Hinzu kommt der spezielle Kontext, in dem das Vorhaben offentlich wurde. Der Bericht der Times reiht sich in eine Folge vergleichbarer Meldungen ein, mit denen die britische Regierung ihren Willen zur Umetzung des Ruanda-Deals dokumentieren will. Die Ankündigung eines möglichen Ruanda-Verfahrens auf freiwilliger Basis dürfte vor allem innenpolitisch motiviert sein, denn er erhöht die Chance, während des bevorstehenden Wahlkampfs doch noch jene Bilder von Ausfliegungen nach Ruanda zu produzieren, die den Tories bislang fehlen.
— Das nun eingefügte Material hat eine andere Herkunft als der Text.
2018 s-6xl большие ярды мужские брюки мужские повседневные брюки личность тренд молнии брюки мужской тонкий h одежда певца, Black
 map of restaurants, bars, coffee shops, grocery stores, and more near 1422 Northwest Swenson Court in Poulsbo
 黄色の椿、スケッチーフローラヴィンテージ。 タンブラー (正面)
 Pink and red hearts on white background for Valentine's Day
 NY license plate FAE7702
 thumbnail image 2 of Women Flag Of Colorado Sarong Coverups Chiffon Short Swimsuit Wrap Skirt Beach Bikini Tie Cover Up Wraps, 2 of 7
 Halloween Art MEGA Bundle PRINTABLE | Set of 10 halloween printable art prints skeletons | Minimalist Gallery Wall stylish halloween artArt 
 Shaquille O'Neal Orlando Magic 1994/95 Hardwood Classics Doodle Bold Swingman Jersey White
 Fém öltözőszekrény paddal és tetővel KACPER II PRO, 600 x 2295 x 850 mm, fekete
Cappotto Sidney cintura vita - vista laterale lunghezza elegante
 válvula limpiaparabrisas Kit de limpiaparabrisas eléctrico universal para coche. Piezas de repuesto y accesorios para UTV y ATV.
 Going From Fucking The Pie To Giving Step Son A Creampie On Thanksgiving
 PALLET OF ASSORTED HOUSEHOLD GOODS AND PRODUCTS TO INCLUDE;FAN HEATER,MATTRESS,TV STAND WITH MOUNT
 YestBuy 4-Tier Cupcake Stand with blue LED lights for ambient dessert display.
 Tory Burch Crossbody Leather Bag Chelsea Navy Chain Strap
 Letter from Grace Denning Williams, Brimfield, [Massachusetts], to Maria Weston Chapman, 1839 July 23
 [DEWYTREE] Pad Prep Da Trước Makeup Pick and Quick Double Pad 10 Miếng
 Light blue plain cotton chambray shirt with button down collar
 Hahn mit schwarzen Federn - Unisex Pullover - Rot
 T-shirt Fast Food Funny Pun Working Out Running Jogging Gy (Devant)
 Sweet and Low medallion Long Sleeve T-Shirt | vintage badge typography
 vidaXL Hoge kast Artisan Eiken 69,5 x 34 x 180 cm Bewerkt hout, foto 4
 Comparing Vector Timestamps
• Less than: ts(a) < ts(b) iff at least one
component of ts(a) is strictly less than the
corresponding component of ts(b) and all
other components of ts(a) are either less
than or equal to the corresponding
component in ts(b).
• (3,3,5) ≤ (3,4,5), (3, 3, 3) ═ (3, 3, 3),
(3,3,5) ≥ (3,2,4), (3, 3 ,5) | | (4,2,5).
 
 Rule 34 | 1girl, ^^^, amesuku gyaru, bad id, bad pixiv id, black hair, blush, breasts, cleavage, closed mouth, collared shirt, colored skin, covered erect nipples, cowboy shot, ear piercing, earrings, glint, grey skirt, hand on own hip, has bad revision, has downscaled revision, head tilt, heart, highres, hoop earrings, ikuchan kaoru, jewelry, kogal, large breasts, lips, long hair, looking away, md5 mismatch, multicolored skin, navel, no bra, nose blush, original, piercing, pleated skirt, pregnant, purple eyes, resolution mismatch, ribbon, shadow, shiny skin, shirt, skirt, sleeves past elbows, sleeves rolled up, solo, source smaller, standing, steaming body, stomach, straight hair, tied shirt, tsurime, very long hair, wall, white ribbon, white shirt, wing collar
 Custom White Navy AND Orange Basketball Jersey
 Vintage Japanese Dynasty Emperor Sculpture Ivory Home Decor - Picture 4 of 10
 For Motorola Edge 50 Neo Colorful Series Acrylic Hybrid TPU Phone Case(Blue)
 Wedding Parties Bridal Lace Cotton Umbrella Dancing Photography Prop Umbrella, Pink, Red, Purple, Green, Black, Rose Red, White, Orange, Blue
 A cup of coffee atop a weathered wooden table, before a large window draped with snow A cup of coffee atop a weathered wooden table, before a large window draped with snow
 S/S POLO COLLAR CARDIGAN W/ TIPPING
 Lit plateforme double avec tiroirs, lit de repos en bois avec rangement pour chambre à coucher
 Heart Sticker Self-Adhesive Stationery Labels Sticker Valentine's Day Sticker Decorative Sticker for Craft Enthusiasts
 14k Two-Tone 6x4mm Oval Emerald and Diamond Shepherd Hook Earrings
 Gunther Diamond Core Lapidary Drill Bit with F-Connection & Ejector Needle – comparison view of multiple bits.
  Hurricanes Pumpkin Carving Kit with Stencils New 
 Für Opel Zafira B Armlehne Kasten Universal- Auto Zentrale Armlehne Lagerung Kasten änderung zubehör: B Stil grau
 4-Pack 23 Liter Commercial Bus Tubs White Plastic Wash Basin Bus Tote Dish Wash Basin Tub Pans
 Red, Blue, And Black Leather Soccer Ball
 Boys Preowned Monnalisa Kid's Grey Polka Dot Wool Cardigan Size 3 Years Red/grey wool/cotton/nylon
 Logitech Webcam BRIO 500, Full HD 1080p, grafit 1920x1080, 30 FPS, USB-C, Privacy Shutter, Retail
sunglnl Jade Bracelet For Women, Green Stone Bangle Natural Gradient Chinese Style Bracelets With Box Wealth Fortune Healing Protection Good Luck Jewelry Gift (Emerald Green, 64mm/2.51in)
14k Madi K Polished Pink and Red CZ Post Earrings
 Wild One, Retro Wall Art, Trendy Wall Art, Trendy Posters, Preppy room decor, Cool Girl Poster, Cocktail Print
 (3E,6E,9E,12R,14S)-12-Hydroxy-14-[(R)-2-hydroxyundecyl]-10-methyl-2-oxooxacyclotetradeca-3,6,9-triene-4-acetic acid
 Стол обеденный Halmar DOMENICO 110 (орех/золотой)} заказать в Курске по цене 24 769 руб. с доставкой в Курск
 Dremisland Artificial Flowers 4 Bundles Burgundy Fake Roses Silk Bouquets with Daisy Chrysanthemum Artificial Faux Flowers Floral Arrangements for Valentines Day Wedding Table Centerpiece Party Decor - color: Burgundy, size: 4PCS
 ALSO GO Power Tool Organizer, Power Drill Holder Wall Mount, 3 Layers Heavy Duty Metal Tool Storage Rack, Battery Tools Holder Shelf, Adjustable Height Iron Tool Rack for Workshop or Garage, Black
Dies könnte bei mangelnder Differenzierung zu einem doppelten Missverständnis führen: Einerseits dem, dass die britische Regierung ihren Ruanda-Deal nach all den Rückschlägen nun doch noch umsetze. Und andererseits, der Ruanda-Deal sei für die Betroffenen freiwillig und mithin nicht so schlimm. Beide Fehleinschätzungen könnte die Bereitschaft auf dem europäischen Festland weiter erhöhen, die britische „Drittstaaten-Modell“ in die eigene migrationspolitische Agenda zu übernehmen.